PENAC's ultimate parent, Royal Philips, retained only a 19.9 percent interest in NXP. See id. A consortium — including Kolbert, Kravis, Roberts Co., Bain Capital, Silverlake Partners, and Apak and Alpinvest Partners N.V. — owns the remaining 80.1 percent interest. See id. Neither PENAC nor Royal Philips controls NXP. See id.

Employees who were involved with the semiconductor business at the Albuquerque facility either no longer work for any Philips company or have little or no personal knowledge of the events or transactions relating to the semiconductor facility. See id. Moreover, the documents of the semiconductor company now belong to NXP; no Philips entity has them. See id.

PROCEDURAL BACKGROUND

The Court established a discovery deadline of October 3, 2007.See Revised Scheduling Order at 1, filed Sept. 25, 2007 (Doc. 77). The Order provides that discovery should be planned so that it is completed by that deadline. See id. ("Accordingly, the termination date for discovery is October 3, 2007, and discovery shall not be reopened, nor shall case management deadlines be modified, except by an order of the Court upon a showing of good cause. This deadline shall be construed to require that discovery be completed on or before the above date.") (emphasis in the original).

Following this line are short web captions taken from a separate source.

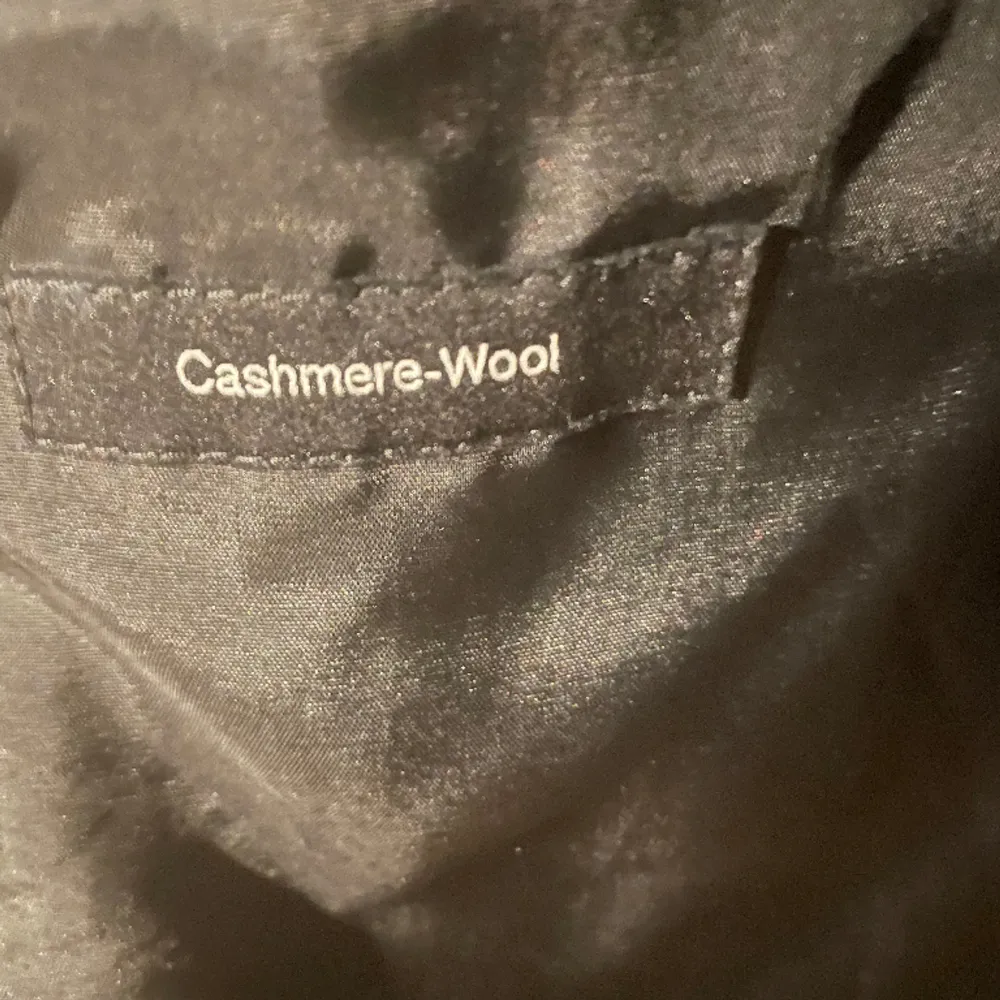 Cashmere/Wool Rock  Hugo Boss  Storlek: Large . Jackor.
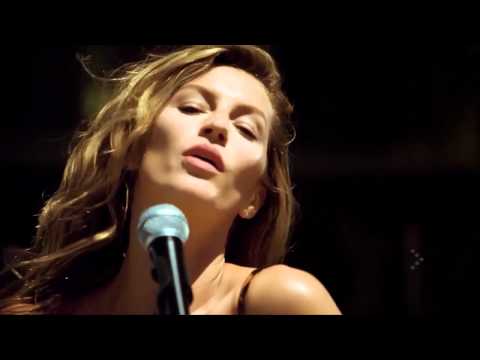 Gisele & Bob Sinclar-Heart of Glass (Official Video) Gisele & Bob Sinclar-Heart of Glass (Official Video) klip izle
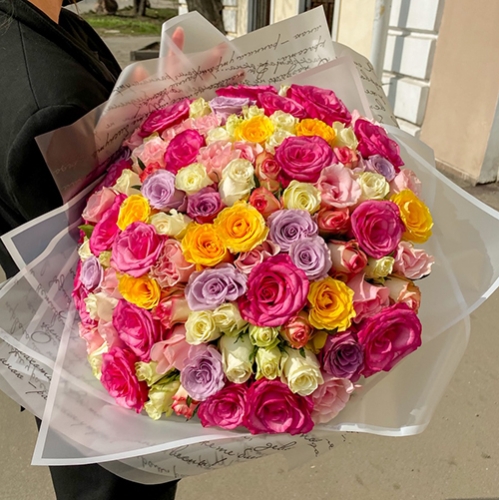 Букет "Bubble gum" из 101 розы микс (50 см) в Истре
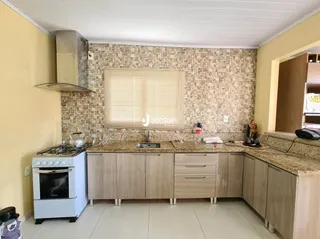 Cozinha com armários de madeira e revestimento de azulejo.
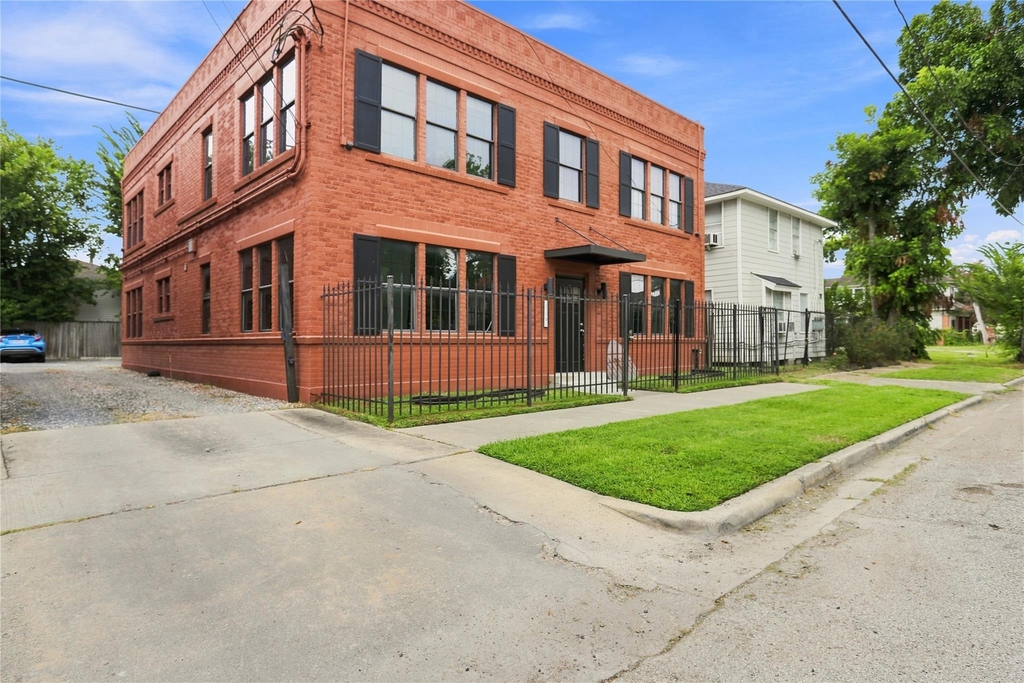 6825 Avenue C - Photo 9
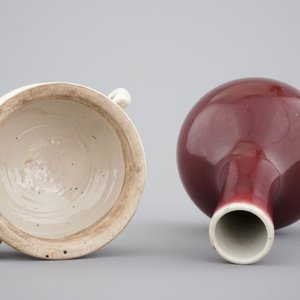 A Chinese sang de boeuf vase, 18/19th C. and a blanc de Chine censer, 18th C. — photo 5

Gulfstream served a 30(b)(6) Notice of Deposition Duces Tecum on PENAC on June 6, 2007. See PENAC's protective order motion at 1. Gulfstream vacated that deposition, without indicating that it would be rescheduled. See id. at 1-2. The parties proceeded with discovery.

The real estate sale has been covered so far in over a dozen depositions. See Reply to Plaintiff's Response to Philip's Motion for Protective Order ("PENAC's Reply") at 3, filed Oct. 8, 2007 (Doc. 92).

On September 18, 2007, two weeks before the October 3, 2007 discovery deadline, without prior warning, Gulfstream issued and served a new rule 30(b)(6) Notice of Deposition Duces Tecum on PENAC for a deposition to take place in ten days, on 9:00 a.m. September 28, 2007. See PENAC's Reply at 1;Gulfstream's Response, Exhibit 1, Notice of 30(B)(6) Deposition ("Notice of 30(b)(6) Depo."), filed Oct. 2, 2007 (Doc. 90-2). Gulfstream wants someone to testify about the following:

For the time period beginning January 2, 2003 to the present, all sales, transfers, allocation or donations of property to any of Philips' companies, subsidiaries, affiliates, related entities and/or unrelated third parties. As used herein, "property" shall mean all real and personal property located at 9201 Pan American Freeway, NE, Albuquerque, NM as of January 22, 2003, including but not limited to tools, equipment, computers, furnace stacks, etchers, telephone equipment, and foundry equipment.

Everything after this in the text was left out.